But it wouldn’t be frustrating if you know what you’re dealing with–the fundamentals, differences between key concepts, and the future of Artificial Intelligence. 

We know that you’re here to understand artificial intelligence (AI), machine learning (ML), and deep learning (DL), in the simplest way possible. And, you’ve come to the right place. 

These terms frequently dominate our discussions today and are often used interchangeably. But, all this becomes so confusing, and at the end of the day, you’re left wanting to have more clarity. 

Well, that’s what we are going to do in this article. You’ll learn about: 

  • Differences between artificial Intelligence, machine learning, and deep learning—with clarity.
  • Potential AI use cases

So without further ado, let's jump right in. 
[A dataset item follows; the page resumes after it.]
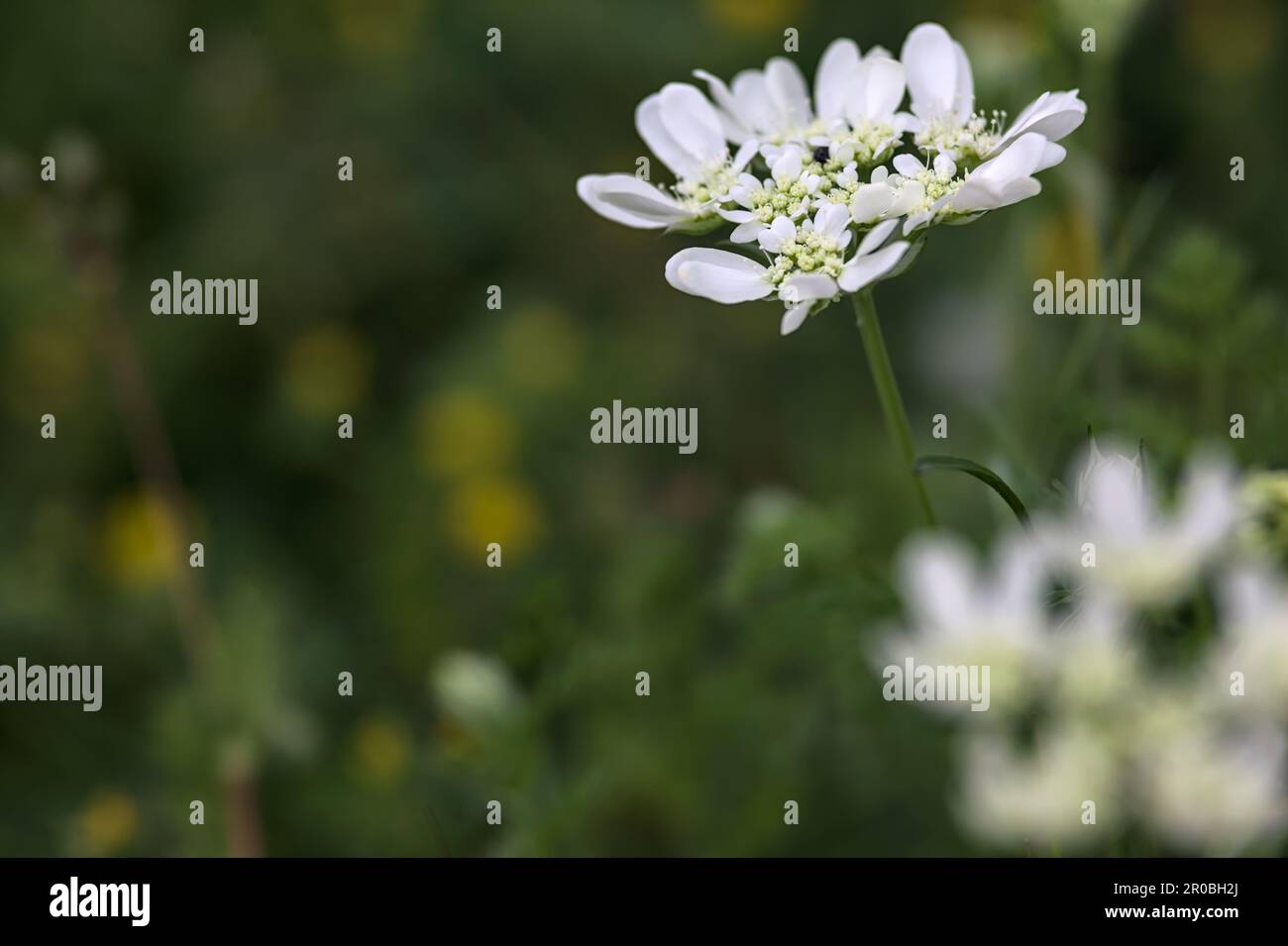 White wildflowers in bloom seen up close Stock Photo - Alamy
How are AI, ML, and DL related?

Before understanding the differences, let us take a step back and understand where it all started.

History of AI, ML and DL
Source: How artificial intelligence, machine learning, deep learning, and generative AI are related

What is Artificial Intelligence (AI)

The term "artificial intelligence" was coined by John McCarthy in 1956 (yes, almost a century ago!), at the first AI conference held at Dartmouth College. 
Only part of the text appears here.